### Goal of the exercise
Transcribe only the lines in the data below falling between the line with "Food-Grade Silicone Body" and the line with "Vintage Burnt Red", including those two lines, and leave out any picture.

### Input material
....

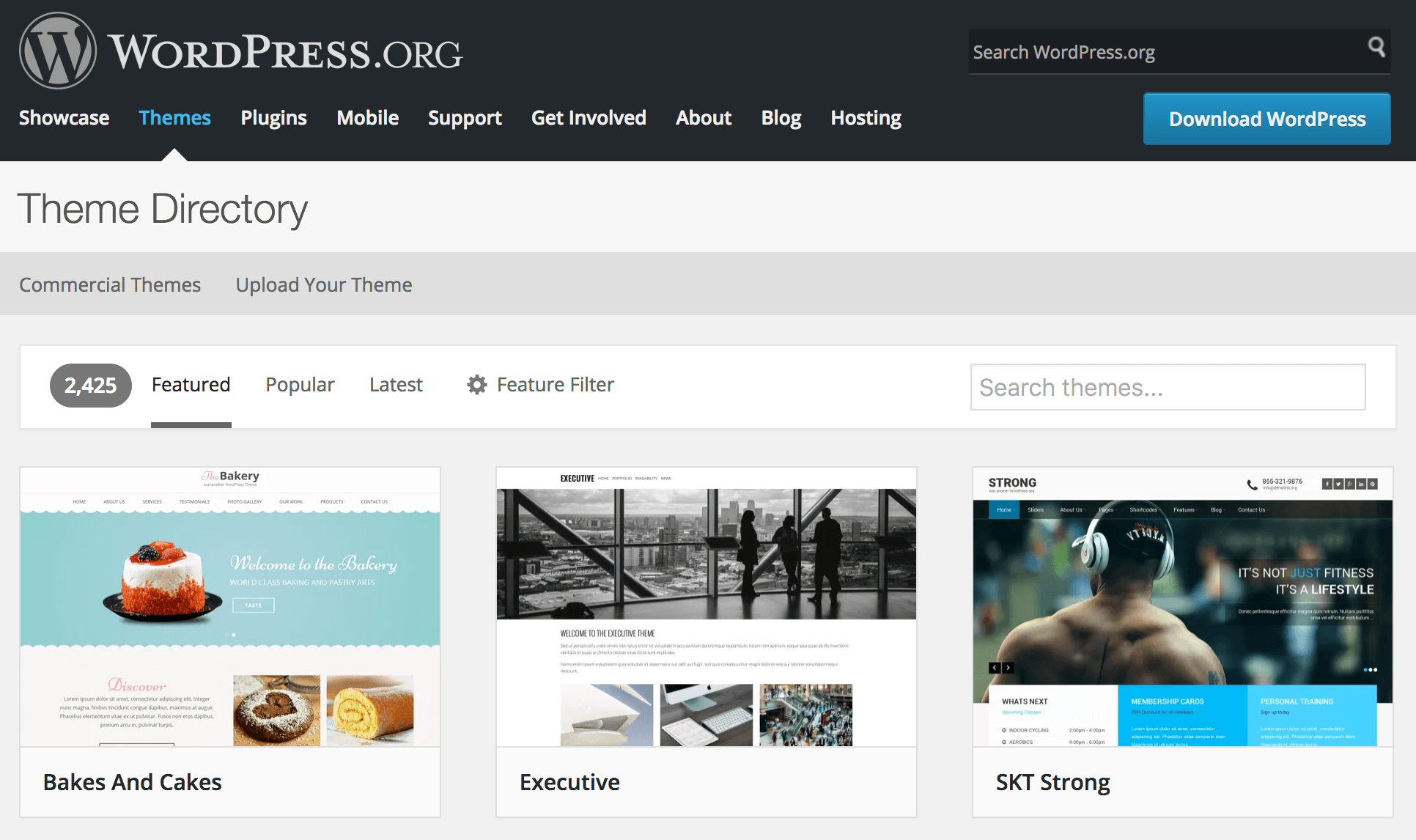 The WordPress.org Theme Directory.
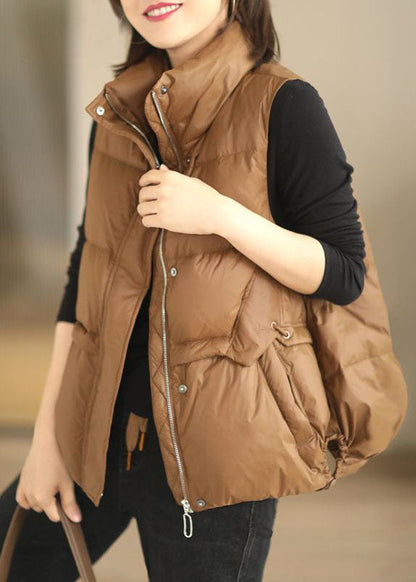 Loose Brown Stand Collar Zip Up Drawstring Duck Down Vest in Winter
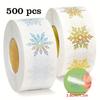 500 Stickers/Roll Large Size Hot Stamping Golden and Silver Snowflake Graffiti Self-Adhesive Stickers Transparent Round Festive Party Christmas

....

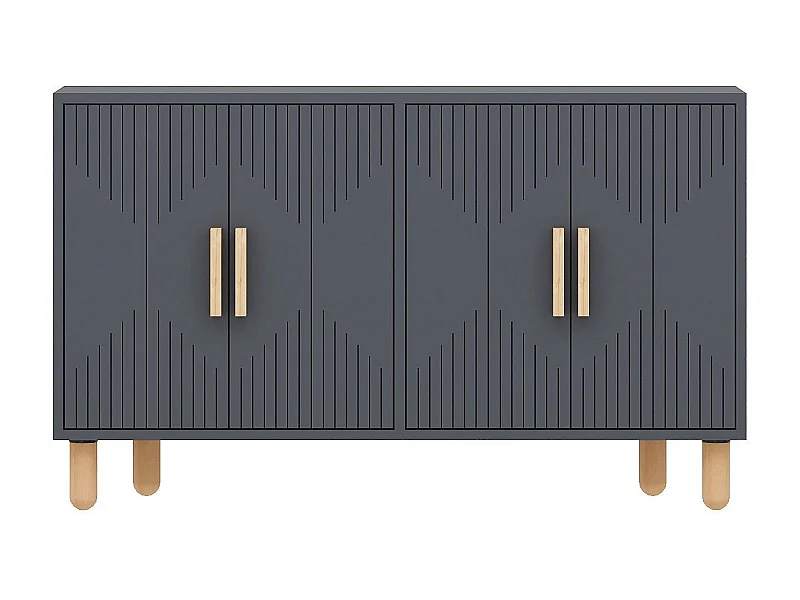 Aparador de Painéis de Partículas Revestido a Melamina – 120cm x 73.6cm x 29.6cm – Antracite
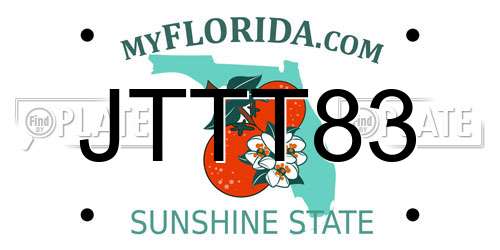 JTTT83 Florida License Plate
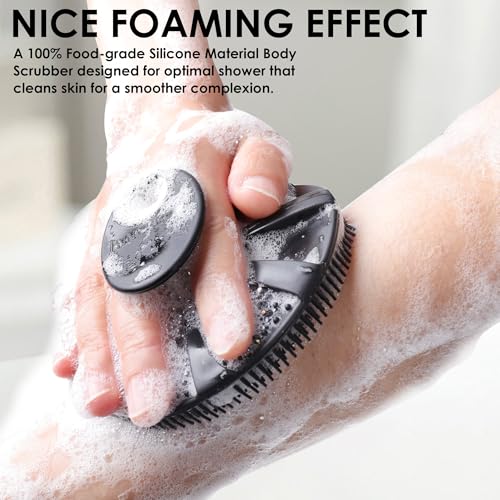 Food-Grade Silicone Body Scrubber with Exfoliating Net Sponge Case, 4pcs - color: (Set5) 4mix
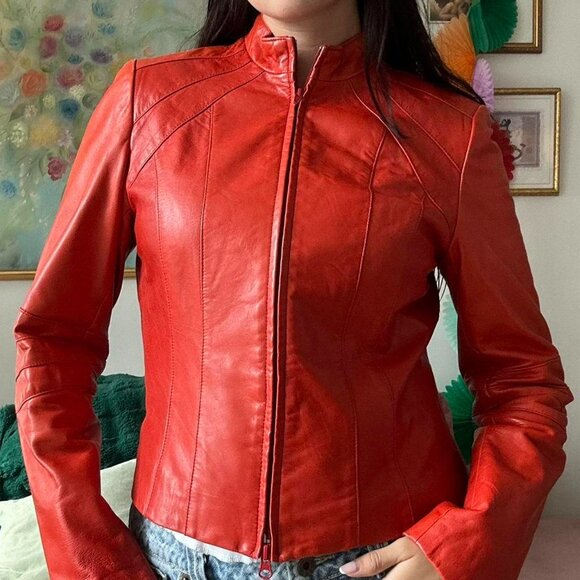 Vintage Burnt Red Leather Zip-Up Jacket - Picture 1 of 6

....

### Solved problem
 Food-Grade Silicone Body Scrubber with Exfoliating Net Sponge Case, 4pcs - color: (Set5) 4mix
 Vintage Burnt Red Leather Zip-Up Jacket - Picture 1 of 6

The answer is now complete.